Tom ve Misha daha özgürken, yakalanmasınlar diye çabalamış olduğum halde özgürlüklerine kavuştuklarını dolaylı olarak öğrenebildim ne yazık ki. Bu talihsiz yunuslar, yakalanmadan önce ve o dar havuza hapsedilene kadar pek fazla insanın umrunda olmamıştı.

Tutsak yunusların rehabilitasyonu dünya çapında ses getirecek bir çalışmaydı. Born Free adlı İngiliz kurum rehabilitasyonu üstlendi. O kurumdan birisiyle “Yunus tutsaklığına son verilmesi için Avrupa ittifakı” nedeniyle yıllardır iletişimdeydim.
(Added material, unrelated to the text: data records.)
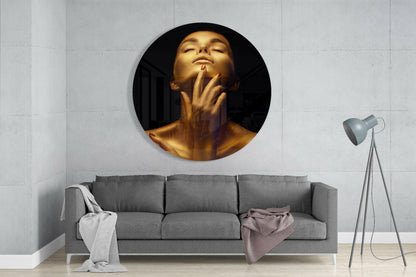 Golden Serenity Woman Glass Wall Art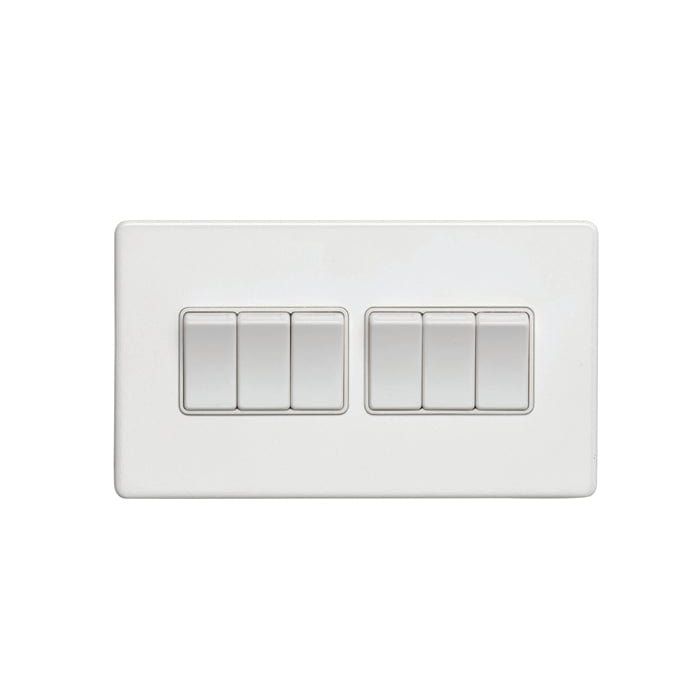 Eurolite Switches Matt White Concealed 3mm 6 Gang Switch - Matt White
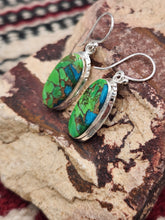 Load image into Gallery viewer, GREEN COPPER TURQUOISE OVAL EARRINGS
Rehabilitasyon gündeme geldiğinde bilgi alışverişimiz oldu onu çalışmalarımı bünyesinde yürüttüğüm dernekten konuyla ilgilenecek kişiye yönlendirdim.

Dernekten istifa ettiğimde iletişim bozuldu. Oysa durumu bildirmiş, yunuslar hakkında ara ara bilgi göndermelerini rica etmiştim. Ne iletilerime yanıt geldi, ne de bilgi. “Konu” kısmında “Tom ve Misha öldü” yazan bir ileti gönderdim. “Yunusları önemsediğini biliyorum ama insanları önemsediğinden emin değilim” dedim. Cevap verdi! Bilgi için internet sayfalarına bakabileceğimi söyleyen 2 cümlelik bir iletiyle… Kuş halkalama çalışmalarında kendi ülkemde yine İngilizlerden küfür yemiştim. Hükümetten, birbirini yiyen bizlere bu tür küstahlıklara nasıl da zemin hazırlıyoruz!

Polisi insanları öldürürken, kurdun kaptığı koyun örneğini verebilen bir başbakan varken yazmak gerçekten çok zor. Ülke gündemi izin verirse haftaya bu konuda yazmaya devam edeceğim.